No tocante ao primeiro requisito é fundamental que seja identificada uma distorção em um determinado setor econômico que justifique a intervenção da União no sentido de incentivar ou induzir comportamento do contribuinte por meio da cobrança de uma contribuição. Essa intervenção, portanto, deve ser pontual e até mesmo provisória, sendo restabelecido o status quo quando for reequilibrado o setor.

Vale ressaltar que essa ingerência do Estado no domínio econômico por meio de uma CIDE deve estar voltada ao cumprimento dos princípios da Ordem Econômica Constitucional, previstos no art. 170 da Constituição Federal.

Ademais, é importante pontuar que a instituição de uma CIDE só é justificada em razão de uma atuação indireta da União na economia, sendo observados os limites do art. 174 da Constituição que estabelece que o Estado, como agente normativo e regulador da atividade econômica, exercerá, na forma da lei, as funções de fiscalização, incentivo e planejamento.
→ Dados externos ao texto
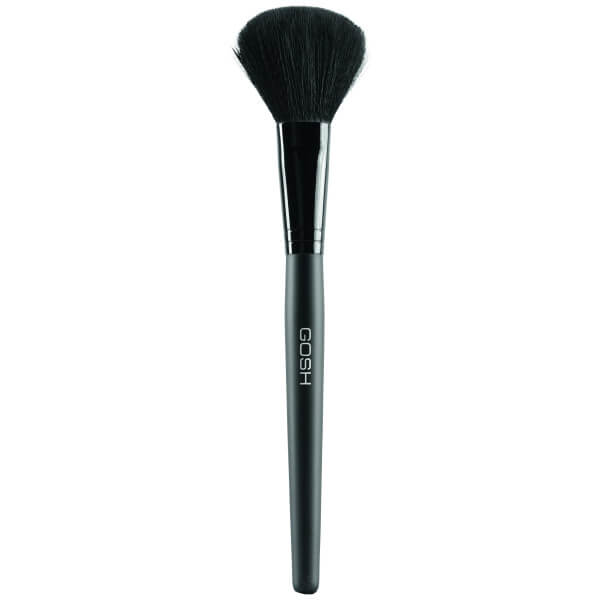 Pincel de blush nº 9 da GOSH. Pincel de blush nº 9 da GOSH.
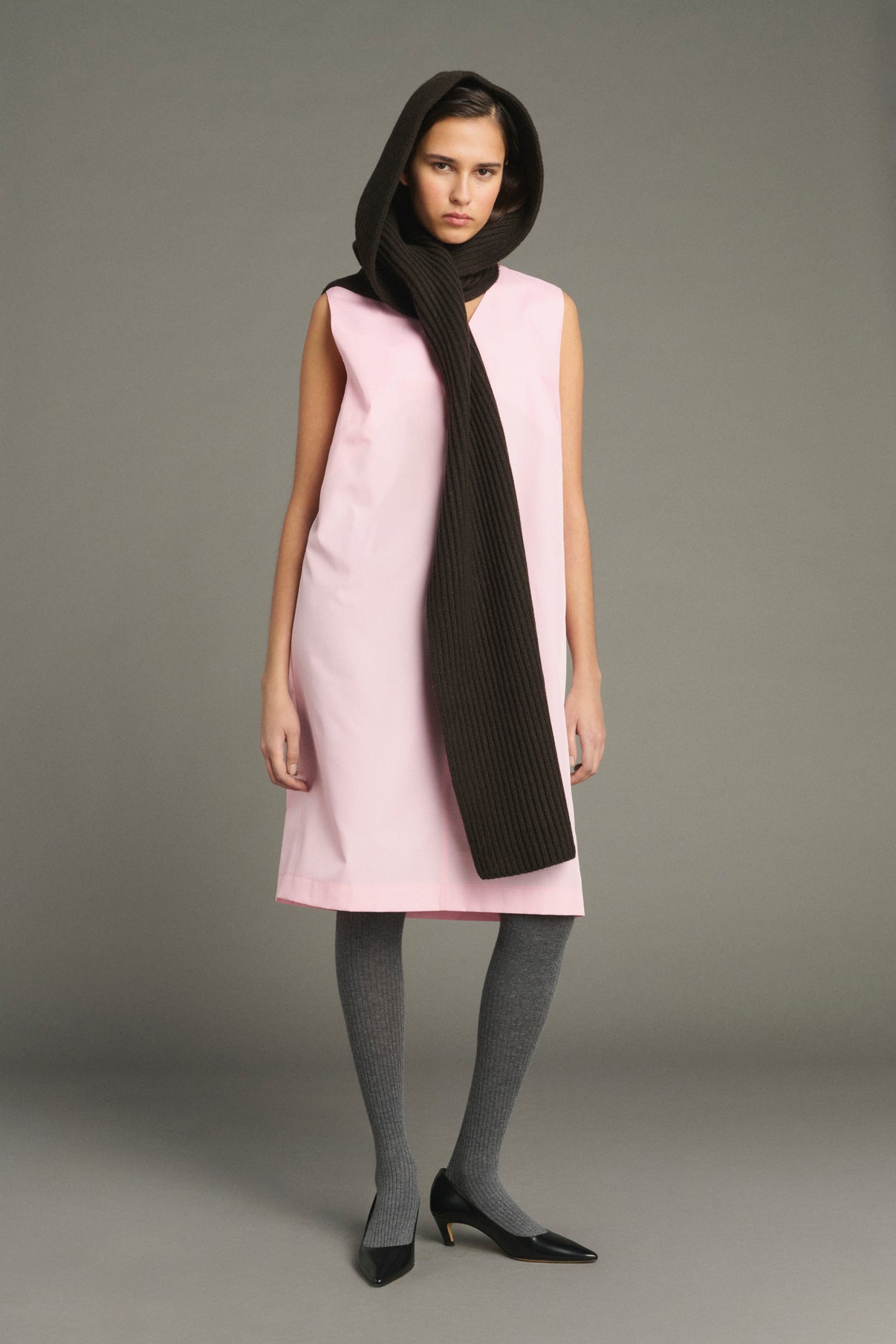 Juliette Dress - Rose Blush - Women vue 5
Isso porque, na atuação direta, nos termos dos artigos 173 e 177, a União é o próprio agente econômico, não sendo procedente a intervenção por meio de uma CIDE, já que os recursos oriundos da própria atividade exercida servirão para cumprir sua finalidade de intervenção na economia.

O segundo requisito de validade das contribuições de intervenção no domínio econômico é a referibilidade, assim denominada a vinculação, ao menos indireta – embora clara e objetiva –, entre o sujeito passivo da contribuição e a finalidade da intervenção promovida pelo Estado em determinado setor econômico.

Assim, a intervenção no domínio econômico deve estar circunscrita a uma determinada área ou segmento da atividade econômica que justifique a cobrança da contribuição sendo suficiente que o sujeito passivo faça parte do grupo econômico que tenha um liame indireto com a intervenção[3].

O terceiro requisito de validade das contribuições de intervenção no domínio econômico diz respeito à destinação das receitas arrecadadas. Trata-se de traço distintivo da espécie tributária, pois a vinculação entre a contribuição e a aplicação de suas receitas às finalidades que justificam a sua criação decorre da própria exigência constitucional de necessidade de intervenção na economia para sua criação. Para a professora Misabel Derzi[4], a destinação da receita desse tipo de contribuição converte-se no próprio fato gerador, visto que a sua finalidade está intrinsecamente ligada à destinação do produto da arrecadação.

No entanto, vale pontuar que parte da doutrina, como os professores Sacha Calmon e Paulo de Barros Carvalho[5], entende que basta a previsão na norma legal da destinação do produto arrecadado a um fundo ou a uma finalidade específica para que a cobrança da contribuição seja válida. Seguindo esse entendimento, o posterior desvio dos valores arrecadados a título de CIDE seria questão de responsabilização do gestor público ou apenas de descumprimento de lei orçamentária, mas não de sua inconstitucionalidade.

Por outro lado, há entendimentos doutrinários, como do professor Paulo Ayres Barreto[6], no sentido de que a finalidade da CIDE só é alcançada se houver a efetiva destinação do produto da arrecadação para a intervenção estatal. Nessa linha, não bastaria existir previsão legal de destinação nas normas de instituição, sendo necessário o seu cumprimento fático, mesmo que postergado e decorrente do cumprimento de lei orçamentária posterior ao exercício em que se deu a arrecadação. Nesse caso, não sendo cumprida a destinação que motivou a criação da CIDE, nasceria para o contribuinte o direito à restituição do que foi recolhido.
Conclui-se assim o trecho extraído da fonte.